Geographically Distributed Hyperscale AI Fabrics

Context 

Hyperscale cloud providers are increasingly moving away from the assumption that a data centre is a single, self contained physical entity. An emerging architectural trend is to extend the hyperscale data centre core across multiple, geographically separated locations. This shift is driven by a combination of resilience, scalability, operational efficiency, and economic considerations, and is beginning to reshape the topology of AI network fabrics. 

From single-site data centre to geo-distributed fabric core 

Traditionally, hyperscale data centres are deployed on a single site. Their architecture is optimised for east-west traffic and high-bandwidth, low-latency communication within the confined physical location. This design favours performance within the data centre, but it offers limited options for disaster recovery or large-scale fault isolation. A single-site data centre has limited failover potential and exposes AI workloads to failures at the facility level. 

To address these limitations, hyperscalers are now extending the AI fabric across multiple data centre locations. Architecturally, this is reflected in a transition from classic two-layer leaf–spine topologies to three-layer leaf–spine–superspine designs. In this extended-core model, individual data centres retain their frontend and internal leaf–spine fabrics, while a superspine layer interconnects multiple sites using data centre interconnect (DCI) links that typically traverse wide area networks (WANs). 

This evolution effectively turns the WAN into an integral part of the AI fabric rather than a peripheral transport layer, with direct implications for performance, reliability, and traffic engineering. 

Use cases driving geo-distributed AI fabrics 

Several use cases are accelerating the adoption of geographically distributed hyperscale AI fabrics. 

Resilience and failover 

The scope of failover is expanding from individual switch or link failures to full data centre level failover. Beyond basic redundancy, hyperscalers are interested in intelligent traffic engineering across sites, to cater for controlled redistribution of AI workloads in response to faults, congestion, or policy decisions. 

Load balancing 

For large-scale AI systems, distributing traffic across multiple data centres also allows for additional load balancing options. This supports more efficient utilisation of network and compute resources, while reducing hotspots and improving overall system robustness. 

GPU overflow and capacity extension 

GPU availability is often a constraint for AI workload execution. Geo-distributed data centres allow hyperscalers to burst or overflow asynchronous workloads such as inference or async training (certain MoE models allow this) into remote data centres, when local compute is exhausted. Geographically separate GPU pools are a shared resource, for this purpose. 

Hyperscale-across scenarios  

Looking forward, similar principles may be applied across multiple hyperscale clouds. While still nascent, interconnecting AI fabrics across different cloud providers opens the door to multi-hyperscaler architectures for resilience, regulatory, or commercial reasons, for example multi-cloud networking as a managed service. 

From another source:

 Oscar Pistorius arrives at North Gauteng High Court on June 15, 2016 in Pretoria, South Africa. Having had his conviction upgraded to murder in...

Example: https://www.sdxcentral.com/news/aws-and-google-cloud-unite-for-hyperscale-across-cloud/ 

Power, cooling, and economic drivers 

Power consumption is one of the main drivers behind this architectural shift. AI data centres face exceptionally high and sustained power demand, with energy costs representing significant recurring OpEx. It is difficult to secure uninterrupted 100MW+ power blocks at a single site, which alone is a driver for geo-distribution. 

Geo-distributed AI fabrics create new opportunities to optimise around power economics. Hyperscaler could, in principle, can dynamically redirect portions of compute workloads to locations with more favourable electricity pricing, lower cooling requirements, or surplus of renewable energy. Concepts such as “follow-the-sun” or “follow-the-power” compute become feasible, where training or inference are preferentially executed in regions with lower demand or off-peak energy costs. 

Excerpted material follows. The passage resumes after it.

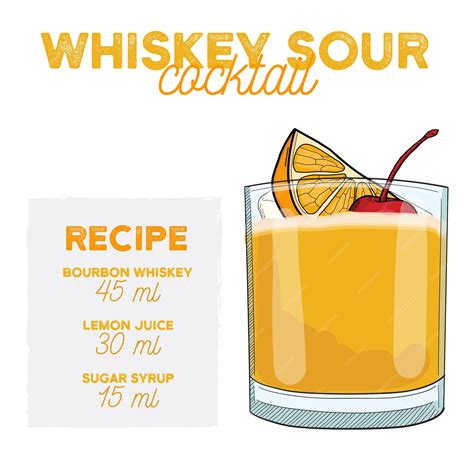 Premium Vector | Whiskey Sour Cocktail Illustration Recipe Drink with ...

Such strategies are only viable if they do not compromise AI performance. This places stringent requirements on the underlying network, particularly on WAN DCI links, that now sit directly in the critical path of the AI fabric. 

Implications for testing and validation 

As AI fabrics extend across data centres connected over WAN links, realistic testing becomes essential. Validating the AI backend now requires emulating the long-tail latency of DCI links. A 2ms jitter spike on a WAN link can trigger a GPU stall in a 100K GPU cluster, which costs thousands of dollars in wasted compute. It is no longer sufficient to validate AI networks within single-site facilities. Hyperscalers must be able to perform realistic testing modelling of WAN behaviour and failure scenarios. 

Accurately emulating these conditions is key to understand how distributed AI workloads behave under real-world constraints, and to ensure that architectural decisions around geo-distribution, failover, and power engineering can be deployed with confidence. 

Conclusion 

Architectures for geographically distributed hyperscale AI fabrics are new in data centre core design. Hyperscalers are addressing resilience, scalability, and economic considerations in parallel. This evolution introduces more technical complexity, particularly around performance predictability, as an AI network across multiple locations must assume that the WAN component is not a critical link. The need for network and workload testing that reflects the realities of distributed AI infrastructure is more relevant than ever.